Multiplying when you should divide: When converting from smaller to larger units (e.g., bytes to KB), divide. When converting from larger to smaller units (e.g., GB to MB), multiply. A common error is doing the opposite.
Forgetting stereo channels: Sound file calculations require multiplying by 2 for stereo recordings. Questions may state "stereo" or "two channels" – both mean the same thing.
Rounding too early: Perform all calculations first, then round the final answer to an appropriate number of decimal places (usually 2 decimal places unless specified otherwise). Rounding intermediate values introduces errors.
Exam technique for "Data representation: data storage units and file sizes"
Show detailed working for calculation questions: Even if you make an arithmetic error, you can earn method marks by demonstrating the correct approach. Write out each step clearly on separate lines.
Identify command words carefully: "Calculate" requires numerical working and a final answer with units. "State" needs a brief answer without explanation. "Describe" requires characteristics or features with some detail.
For multi-mark calculation questions: Typically 1 mark per calculation step plus 1 mark for the final answer with correct units. A 4-mark question usually requires 3-4 distinct calculation steps.
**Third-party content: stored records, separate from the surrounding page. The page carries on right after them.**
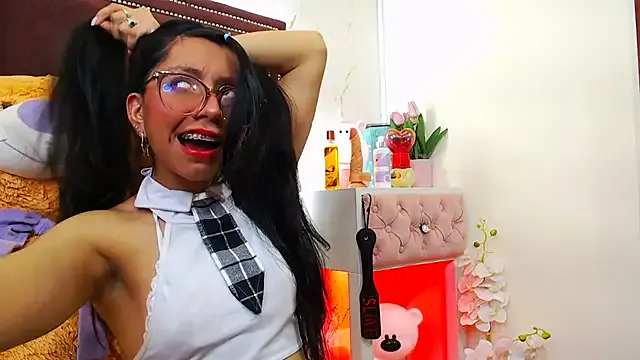 VioletxBloom — cameltoe
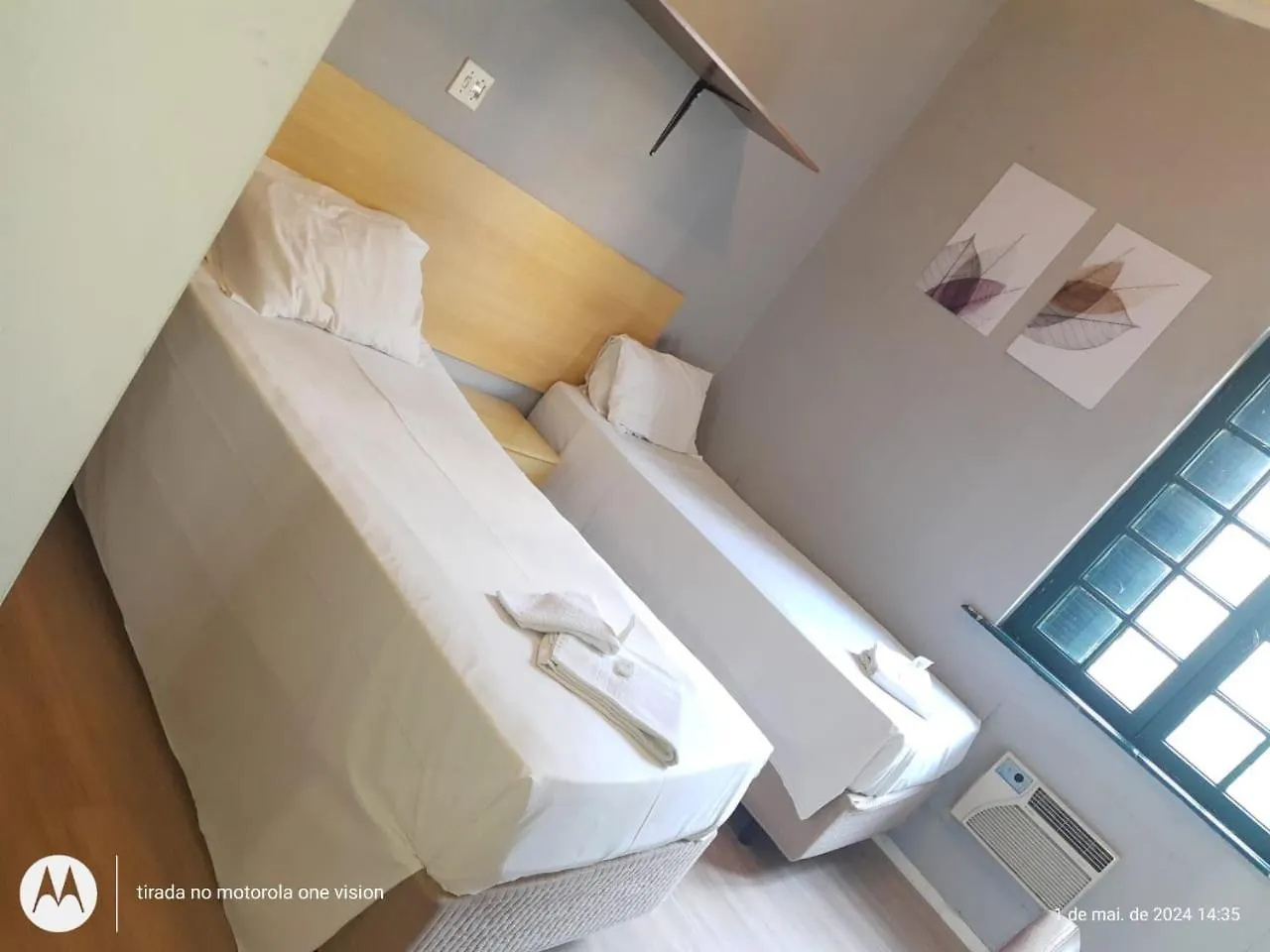 Hotel Internacional São Paulo
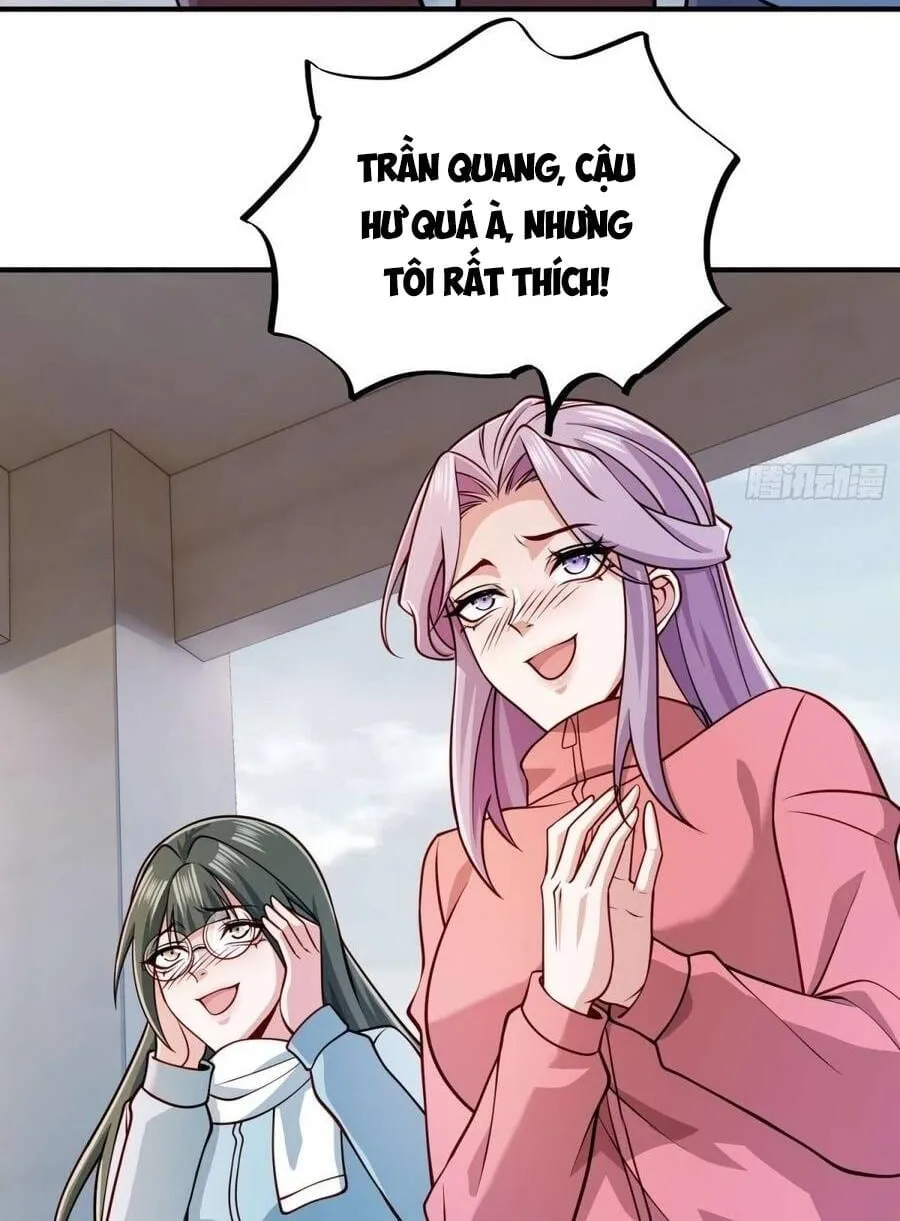 Mạt Thế Hàn Băng: Ta Tích Trữ Trăm Tỷ Vật Tư Chap 64 - Next Chap 65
Check your calculator: Ensure you're comfortable with your calculator's operation, particularly the order of operations. Brackets are essential in complex calculations – use them to ensure correct sequencing.
Quick revision summary
Data storage begins with bits (0 or 1) and bytes (8 bits). Storage units increase by factors of 1,000 (decimal) or 1,024 (binary): KB, MB, GB, TB. Calculate file sizes by multiplying relevant factors – pixels × colour depth for images, sample rate × duration × bit depth × channels for sound, adding frame rate × duration for video. Always divide by 8 to convert bits to bytes. Lossy compression removes data permanently; lossless compression preserves all original data. Show all working in calculations and include correct units in answers.